Financial news
- Growth in Internet customer base continues in the third quarter (+7.3% YoY)
- Revenue of EUR 317.7 million in the first nine months of 2025 (-2.2% YoY), driven by a strong revenue increase in the Internet and telephony segment to EUR 175.3 million
- Normalised EBITDA -5.4% to EUR 133.9 million in the first nine months of 2025 driven by difficult market environment in the TV sector
- Reported EBITDA +1.9% to EUR 107.5 million in the first nine months of 2025 due to lower one-off expenses related to restructuring
Berlin, November 26, 2025. Tele Columbus AG, one of Germany’s leading fiber optic network operators, today published its results for the third quarter and thus for the first nine months of the 2025 financial year.
In a highly competitive broadband market, Tele Columbus was the only major provider in Germany to record further growth in the Internet sector in the third quarter of 2025. The 730k Internet customers (+7.3% YoY) formed the basis for another increase in revenue in the Internet and telephony segment, which amounted to EUR 59.2 million (+10.6% YoY) in the third quarter of 2025. Demand for higher bandwidths remained strong: around 50% of PŸUR’s new Internet customers also opted for tariffs with bandwidths of 500 Mbit/s or faster in the third quarter.
More than a year after cable TV fees were removed from ancillary rental costs, the development of the customer base in the TV sector remains challenging.
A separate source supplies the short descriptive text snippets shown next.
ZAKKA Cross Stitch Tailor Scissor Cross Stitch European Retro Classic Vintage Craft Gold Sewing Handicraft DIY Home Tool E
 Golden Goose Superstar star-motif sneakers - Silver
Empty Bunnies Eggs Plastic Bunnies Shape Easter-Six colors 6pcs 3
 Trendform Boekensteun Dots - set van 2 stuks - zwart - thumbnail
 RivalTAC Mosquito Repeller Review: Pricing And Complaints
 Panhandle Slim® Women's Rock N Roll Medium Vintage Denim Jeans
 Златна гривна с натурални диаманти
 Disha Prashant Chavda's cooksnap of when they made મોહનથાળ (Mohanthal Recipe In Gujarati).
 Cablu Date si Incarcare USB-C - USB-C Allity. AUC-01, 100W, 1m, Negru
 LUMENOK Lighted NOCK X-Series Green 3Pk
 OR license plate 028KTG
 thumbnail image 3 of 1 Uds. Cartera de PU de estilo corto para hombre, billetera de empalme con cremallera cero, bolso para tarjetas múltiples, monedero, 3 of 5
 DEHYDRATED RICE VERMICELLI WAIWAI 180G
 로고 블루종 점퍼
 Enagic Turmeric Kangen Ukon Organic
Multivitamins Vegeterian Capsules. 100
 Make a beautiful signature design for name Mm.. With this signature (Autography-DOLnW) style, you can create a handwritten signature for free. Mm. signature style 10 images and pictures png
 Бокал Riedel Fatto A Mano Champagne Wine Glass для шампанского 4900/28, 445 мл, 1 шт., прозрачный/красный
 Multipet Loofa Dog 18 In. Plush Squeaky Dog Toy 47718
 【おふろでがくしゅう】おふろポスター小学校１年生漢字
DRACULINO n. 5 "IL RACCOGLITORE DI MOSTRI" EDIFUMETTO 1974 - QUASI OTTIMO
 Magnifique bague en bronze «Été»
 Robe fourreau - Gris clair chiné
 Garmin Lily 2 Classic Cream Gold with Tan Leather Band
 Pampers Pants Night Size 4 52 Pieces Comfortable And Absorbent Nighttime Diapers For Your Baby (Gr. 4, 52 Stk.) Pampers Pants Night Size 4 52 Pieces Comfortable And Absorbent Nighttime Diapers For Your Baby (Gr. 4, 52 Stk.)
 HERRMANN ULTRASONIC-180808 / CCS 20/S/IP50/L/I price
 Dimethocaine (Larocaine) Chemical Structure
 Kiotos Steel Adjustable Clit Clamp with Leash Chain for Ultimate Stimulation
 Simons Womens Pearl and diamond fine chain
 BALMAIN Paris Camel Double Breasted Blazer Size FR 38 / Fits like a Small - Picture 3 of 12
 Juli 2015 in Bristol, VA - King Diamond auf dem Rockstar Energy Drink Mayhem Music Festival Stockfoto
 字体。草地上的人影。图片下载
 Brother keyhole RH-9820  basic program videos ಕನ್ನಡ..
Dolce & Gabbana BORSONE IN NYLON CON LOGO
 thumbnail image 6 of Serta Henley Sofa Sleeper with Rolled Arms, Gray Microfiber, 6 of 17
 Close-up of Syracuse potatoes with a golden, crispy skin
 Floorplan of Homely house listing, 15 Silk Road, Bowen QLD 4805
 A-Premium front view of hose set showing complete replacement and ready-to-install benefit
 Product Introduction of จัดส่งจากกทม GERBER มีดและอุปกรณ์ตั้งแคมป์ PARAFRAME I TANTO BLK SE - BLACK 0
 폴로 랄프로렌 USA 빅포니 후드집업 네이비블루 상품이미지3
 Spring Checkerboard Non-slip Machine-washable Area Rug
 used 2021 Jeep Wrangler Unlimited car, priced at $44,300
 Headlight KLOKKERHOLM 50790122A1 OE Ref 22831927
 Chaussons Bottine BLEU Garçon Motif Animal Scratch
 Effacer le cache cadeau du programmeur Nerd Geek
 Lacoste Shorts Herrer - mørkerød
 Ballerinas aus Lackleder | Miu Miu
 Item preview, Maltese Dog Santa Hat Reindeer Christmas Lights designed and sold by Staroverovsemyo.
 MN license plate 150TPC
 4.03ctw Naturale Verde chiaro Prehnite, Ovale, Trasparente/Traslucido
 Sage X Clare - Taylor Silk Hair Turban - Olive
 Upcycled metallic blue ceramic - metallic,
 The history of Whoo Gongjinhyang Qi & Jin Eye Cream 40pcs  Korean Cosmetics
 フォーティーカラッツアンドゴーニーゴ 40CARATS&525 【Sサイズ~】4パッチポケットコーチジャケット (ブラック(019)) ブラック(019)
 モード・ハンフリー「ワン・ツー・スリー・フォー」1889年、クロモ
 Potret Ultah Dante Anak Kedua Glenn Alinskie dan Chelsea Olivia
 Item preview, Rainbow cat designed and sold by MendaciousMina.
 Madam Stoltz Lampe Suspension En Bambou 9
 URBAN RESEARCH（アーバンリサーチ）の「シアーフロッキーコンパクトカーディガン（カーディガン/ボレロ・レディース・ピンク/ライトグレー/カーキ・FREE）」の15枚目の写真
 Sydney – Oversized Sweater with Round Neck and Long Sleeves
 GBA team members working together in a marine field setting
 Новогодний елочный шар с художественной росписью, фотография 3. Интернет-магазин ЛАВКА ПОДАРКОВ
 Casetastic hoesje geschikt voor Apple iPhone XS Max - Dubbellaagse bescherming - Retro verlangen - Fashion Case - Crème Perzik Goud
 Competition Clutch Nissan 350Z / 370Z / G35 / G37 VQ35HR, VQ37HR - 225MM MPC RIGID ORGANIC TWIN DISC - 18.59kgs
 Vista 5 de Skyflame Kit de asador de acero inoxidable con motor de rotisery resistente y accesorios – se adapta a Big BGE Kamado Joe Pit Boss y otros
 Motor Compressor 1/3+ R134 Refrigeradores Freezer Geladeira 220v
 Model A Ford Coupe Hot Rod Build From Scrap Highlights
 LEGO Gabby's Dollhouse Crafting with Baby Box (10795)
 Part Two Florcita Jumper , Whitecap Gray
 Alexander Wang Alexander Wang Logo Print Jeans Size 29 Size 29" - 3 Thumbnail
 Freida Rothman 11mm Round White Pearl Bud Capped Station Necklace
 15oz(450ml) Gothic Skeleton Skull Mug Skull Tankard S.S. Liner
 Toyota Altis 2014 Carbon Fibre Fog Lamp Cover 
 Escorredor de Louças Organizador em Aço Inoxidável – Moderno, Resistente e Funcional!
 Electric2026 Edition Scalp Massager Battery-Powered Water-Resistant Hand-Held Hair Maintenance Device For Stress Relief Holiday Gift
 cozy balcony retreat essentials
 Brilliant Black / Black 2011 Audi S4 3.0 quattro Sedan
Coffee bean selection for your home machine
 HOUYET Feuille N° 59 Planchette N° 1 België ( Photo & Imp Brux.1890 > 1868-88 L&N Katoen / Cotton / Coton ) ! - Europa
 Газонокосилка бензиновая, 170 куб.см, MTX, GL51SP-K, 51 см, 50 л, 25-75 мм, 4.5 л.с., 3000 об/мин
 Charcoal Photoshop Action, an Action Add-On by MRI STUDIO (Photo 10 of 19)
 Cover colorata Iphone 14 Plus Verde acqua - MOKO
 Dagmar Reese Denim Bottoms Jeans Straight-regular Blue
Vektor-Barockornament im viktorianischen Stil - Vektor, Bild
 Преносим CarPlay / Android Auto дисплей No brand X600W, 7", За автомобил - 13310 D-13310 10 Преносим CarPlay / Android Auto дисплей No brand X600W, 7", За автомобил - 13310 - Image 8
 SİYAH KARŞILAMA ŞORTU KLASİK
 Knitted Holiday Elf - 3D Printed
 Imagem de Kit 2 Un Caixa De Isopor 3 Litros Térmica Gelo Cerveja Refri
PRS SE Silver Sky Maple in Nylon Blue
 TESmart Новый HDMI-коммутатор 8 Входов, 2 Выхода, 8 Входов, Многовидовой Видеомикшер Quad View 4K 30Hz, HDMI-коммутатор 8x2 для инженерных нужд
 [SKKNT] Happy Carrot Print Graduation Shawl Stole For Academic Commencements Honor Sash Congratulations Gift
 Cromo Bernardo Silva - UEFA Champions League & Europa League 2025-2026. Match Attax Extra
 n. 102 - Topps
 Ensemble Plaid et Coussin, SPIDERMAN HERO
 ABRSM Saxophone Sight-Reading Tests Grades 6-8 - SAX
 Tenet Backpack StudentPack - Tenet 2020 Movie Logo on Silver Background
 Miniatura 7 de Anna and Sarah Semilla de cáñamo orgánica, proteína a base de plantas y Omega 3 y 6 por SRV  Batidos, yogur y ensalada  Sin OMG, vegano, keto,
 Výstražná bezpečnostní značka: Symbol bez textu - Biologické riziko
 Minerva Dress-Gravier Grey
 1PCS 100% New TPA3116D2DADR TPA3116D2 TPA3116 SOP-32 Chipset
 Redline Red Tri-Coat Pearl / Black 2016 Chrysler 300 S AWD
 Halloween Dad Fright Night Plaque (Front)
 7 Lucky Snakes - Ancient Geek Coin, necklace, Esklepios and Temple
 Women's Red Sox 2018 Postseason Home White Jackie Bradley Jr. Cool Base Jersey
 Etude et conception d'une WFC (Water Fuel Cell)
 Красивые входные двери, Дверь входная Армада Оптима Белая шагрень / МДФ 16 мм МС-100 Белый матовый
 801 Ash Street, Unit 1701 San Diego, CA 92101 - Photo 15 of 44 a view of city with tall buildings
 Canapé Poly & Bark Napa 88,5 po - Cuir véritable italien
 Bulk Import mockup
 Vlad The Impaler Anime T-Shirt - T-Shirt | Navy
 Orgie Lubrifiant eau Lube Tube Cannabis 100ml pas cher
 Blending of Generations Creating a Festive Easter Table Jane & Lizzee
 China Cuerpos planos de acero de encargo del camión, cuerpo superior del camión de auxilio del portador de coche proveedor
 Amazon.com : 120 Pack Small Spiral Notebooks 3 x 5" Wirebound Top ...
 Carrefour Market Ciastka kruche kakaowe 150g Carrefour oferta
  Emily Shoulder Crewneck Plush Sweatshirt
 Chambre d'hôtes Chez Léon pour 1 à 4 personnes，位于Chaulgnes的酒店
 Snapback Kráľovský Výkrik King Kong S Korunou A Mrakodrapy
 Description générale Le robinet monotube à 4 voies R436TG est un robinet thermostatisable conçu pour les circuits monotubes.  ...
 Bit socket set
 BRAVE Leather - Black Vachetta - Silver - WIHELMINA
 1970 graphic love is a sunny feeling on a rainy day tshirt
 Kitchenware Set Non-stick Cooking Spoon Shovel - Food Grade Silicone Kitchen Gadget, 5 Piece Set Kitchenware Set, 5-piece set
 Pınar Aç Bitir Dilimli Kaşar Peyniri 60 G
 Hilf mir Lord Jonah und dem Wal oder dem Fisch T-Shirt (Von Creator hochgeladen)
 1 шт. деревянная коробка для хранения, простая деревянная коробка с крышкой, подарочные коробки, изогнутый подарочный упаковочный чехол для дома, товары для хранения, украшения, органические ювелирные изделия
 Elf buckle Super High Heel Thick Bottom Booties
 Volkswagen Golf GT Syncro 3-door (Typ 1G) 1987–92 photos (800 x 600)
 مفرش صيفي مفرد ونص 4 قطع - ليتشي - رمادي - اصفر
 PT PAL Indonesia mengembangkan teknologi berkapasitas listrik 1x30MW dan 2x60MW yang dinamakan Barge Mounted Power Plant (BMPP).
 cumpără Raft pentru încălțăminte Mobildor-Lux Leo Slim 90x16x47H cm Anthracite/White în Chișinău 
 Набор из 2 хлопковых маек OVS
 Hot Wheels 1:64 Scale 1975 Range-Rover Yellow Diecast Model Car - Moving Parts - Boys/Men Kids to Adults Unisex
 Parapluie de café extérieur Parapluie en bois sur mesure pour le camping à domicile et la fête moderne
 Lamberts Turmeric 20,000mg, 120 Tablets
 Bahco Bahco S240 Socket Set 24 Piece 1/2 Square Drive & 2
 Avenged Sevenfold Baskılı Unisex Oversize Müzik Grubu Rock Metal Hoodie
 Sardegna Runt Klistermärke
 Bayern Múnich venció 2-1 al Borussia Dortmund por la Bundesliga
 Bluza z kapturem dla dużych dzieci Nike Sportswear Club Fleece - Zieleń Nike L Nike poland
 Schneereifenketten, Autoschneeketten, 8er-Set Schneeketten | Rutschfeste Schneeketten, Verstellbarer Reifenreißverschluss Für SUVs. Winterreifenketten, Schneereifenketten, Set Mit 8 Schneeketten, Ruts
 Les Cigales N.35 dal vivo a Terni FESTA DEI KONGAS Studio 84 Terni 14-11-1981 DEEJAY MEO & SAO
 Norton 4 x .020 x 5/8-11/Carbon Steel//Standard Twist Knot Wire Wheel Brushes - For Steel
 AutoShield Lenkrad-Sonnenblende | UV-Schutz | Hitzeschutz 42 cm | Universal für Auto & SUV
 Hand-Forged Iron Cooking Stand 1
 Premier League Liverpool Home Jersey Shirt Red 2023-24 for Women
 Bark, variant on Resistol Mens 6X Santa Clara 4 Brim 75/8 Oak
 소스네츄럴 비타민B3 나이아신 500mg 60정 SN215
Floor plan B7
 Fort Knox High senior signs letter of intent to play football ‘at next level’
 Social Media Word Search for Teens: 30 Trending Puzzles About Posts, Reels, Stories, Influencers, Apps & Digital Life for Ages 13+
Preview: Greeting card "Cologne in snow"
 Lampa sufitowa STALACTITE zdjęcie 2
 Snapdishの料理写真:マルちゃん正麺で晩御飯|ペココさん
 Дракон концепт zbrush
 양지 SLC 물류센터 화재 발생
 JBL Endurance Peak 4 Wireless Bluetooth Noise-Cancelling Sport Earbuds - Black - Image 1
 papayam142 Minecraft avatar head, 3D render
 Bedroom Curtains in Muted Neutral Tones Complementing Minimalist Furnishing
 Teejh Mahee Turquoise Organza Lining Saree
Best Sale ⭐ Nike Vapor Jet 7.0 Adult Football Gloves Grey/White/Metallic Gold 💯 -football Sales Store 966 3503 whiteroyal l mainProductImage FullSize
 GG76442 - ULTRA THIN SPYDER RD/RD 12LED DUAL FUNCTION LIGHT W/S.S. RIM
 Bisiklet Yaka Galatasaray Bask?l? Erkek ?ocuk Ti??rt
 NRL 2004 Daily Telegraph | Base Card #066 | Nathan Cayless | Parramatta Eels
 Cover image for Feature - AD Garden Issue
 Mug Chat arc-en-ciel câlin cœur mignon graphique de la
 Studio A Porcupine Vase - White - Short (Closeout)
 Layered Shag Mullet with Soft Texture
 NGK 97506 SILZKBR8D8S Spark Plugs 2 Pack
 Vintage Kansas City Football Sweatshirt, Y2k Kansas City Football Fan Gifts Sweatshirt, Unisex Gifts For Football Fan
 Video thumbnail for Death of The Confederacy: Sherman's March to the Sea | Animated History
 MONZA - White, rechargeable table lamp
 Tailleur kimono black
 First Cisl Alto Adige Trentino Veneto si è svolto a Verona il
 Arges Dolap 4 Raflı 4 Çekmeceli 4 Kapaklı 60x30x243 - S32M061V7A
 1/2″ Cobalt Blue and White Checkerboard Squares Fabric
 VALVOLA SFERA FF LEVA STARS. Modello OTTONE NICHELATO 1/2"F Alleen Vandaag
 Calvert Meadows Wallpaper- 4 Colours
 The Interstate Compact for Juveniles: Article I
The total number of TV households in the third quarter of 2025 decreased year-on-year to 1.06 million (-4.9% YoY).
Revenue development remained at approximately the same level as the previous year (-2.2% YoY) at EUR 317.7 million in a nine-month comparison. The decline in TV revenue was partially offset by a renewed increase in revenue from Internet and telephony customers in the reporting period.
Normalised EBITDA declined by -5.4% to EUR 133.9 million in the nine-month comparison due to lower revenues still driven by the effects of the TV bulk migration. Reported EBITDA increased from EUR 105.4 million to EUR 107.5 million (+1.9%) compared to the first nine months of 2024, as one-off expenses were lower due to the restructuring measures implemented.